Colombia está, otra vez, debatiendo una reforma tributaria.
El Gobierno tenía que ponerla en consideración del Congreso debido a la necesidad de cubrir el gigantesco hueco que padecen hoy las finanzas públicas, y a las advertencias de las calificadoras de riesgo.
Pero la administración Santos no puede eludir la responsabilidad que le cabe por la imprevisión en el gasto y la falta de medidas para anticiparse a las épocas de vacas flacas, en tiempos de bonanza.
Tampoco le es posible agachar la cabeza para esconder las culpas que tiene por no haberla presentado oportunamente.
Lo cierto es que cometió una equivocación con los tiempos políticos, se demoró para no perjudicar el Sí en el plebiscito, y dejó de hacer lo que le tocaba cuando empezaron a caer aceleradamente los precios del petróleo.
Tampoco concibió una iniciativa integral, toda vez que no armoniza los distintos artículos con el estatuto tributario, lo cual anticipa innumerables dificultades durante la implementación de la ley.
En el mismo orden de ideas, no es exacto que le vaya a simplificar la vida a las empresas en tanto estas tendrán que llevar tres cuentas: la contabilidad conforme a los normas internacionales de información financiera (NIIF), los libros fiscales, de acuerdo a las disposiciones tributarias, y los registros necesarios para conciliar las diferencias.
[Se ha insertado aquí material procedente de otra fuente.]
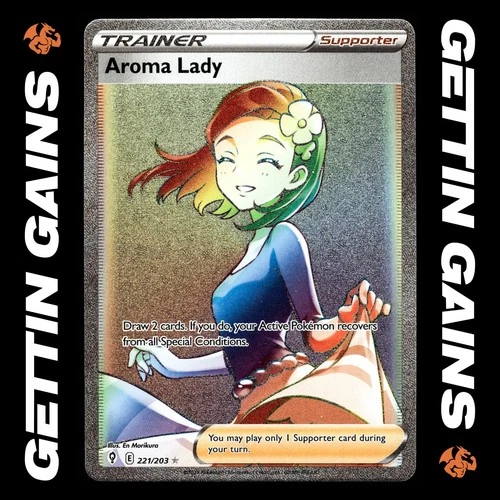 Aroma Lady - 221/203 - Secret Rare - Evolving Skies - Pokemon Card - NM/M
En resumen, se desaprovecha la oportunidad para arreglar problemas, que hoy existen, estableciendo reglas claras.
De otro lado, eso de que con las nuevas medidas el promedio de crecimiento de la inversión será del 5.2%, gracias a una elevación cercana al 2%, es más ilusión que realismo, tal como lo señalan ya las voces de algunos empresarios.
Y la elevación del IVA, adicionalmente al aumento de las cargas a las personas naturales, en momentos de desaceleración de la economía, afectará el consumo y debilitará el crecimiento de la clase media.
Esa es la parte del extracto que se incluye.